Web experience e investimenti in sicurezza
Le problematiche di sicurezza hanno riscontro diretto sulla web experience (fruizione di siti Internet e app-mobili), come fattore competitivo che impatta significativamente su customer satisfaction, brand image, numero di transazioni e ricavi. Quanto può costare a un’azienda un downtime di 4-8 ore? Per il 24% del campione, meno di 10mila euro, ma il 38% dichiara un valore superiore a 200mila. Sono dinamiche talvolta letali al business, per cui le aziende stanno maturando consapevolezza e correndo ai ripari.
“La spesa in tecnologie di sicurezza – nota Bechelli – è in crescita rispetto ai budget It nel 55% dei casi, altrimenti si mantiene stabile. Nel 46% delle aziende incide sugli investimenti informativi del 5-10%, nel 15% del 10-25%”. Nel 2017 e 2018, il 67% e il 54% delle aziende prevedono gli investimenti in sicurezza in forte crescita o comunque in aumento.
Un driver di spinta è rappresentato dalla compliance. L’influenza delle normative generiche sulla security aziendale viene ritenuta elevata dal 37% degli istituti finanziari e media dal 47; le normative di settore sono considerate più critiche: con alto impatto per il 57% del campione e medio per il 40%.
La conformità è la seconda voce tra gli investimenti preventivati in ambito sicurezza, preceduta dalla Network Security e seguita da Governance/Audit, Mobile Security, Identity Management, Cloud Security.

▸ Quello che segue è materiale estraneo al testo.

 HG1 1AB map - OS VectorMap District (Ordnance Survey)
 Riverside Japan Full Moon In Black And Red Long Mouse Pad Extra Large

Se l’impegno verso l’azienda sicura è evidente, permangono le criticità. “I freni all’azienda sicura – conclude Bechelli – sono da ricercare in: crescente sofisticazione delle minacce, contesto normativo complicato, complesso modello di business organizzativo, scarsa considerazione della problematica, mancanza di budget. L’assenza di una strategia per la sicurezza delle informazioni, la scarsa possibilità per l’It di incidere sulle strategie aziendali e la mancanza di supporto alla gestione esecutiva sono considerate barriere più marginali e questo è un fattore positivo”.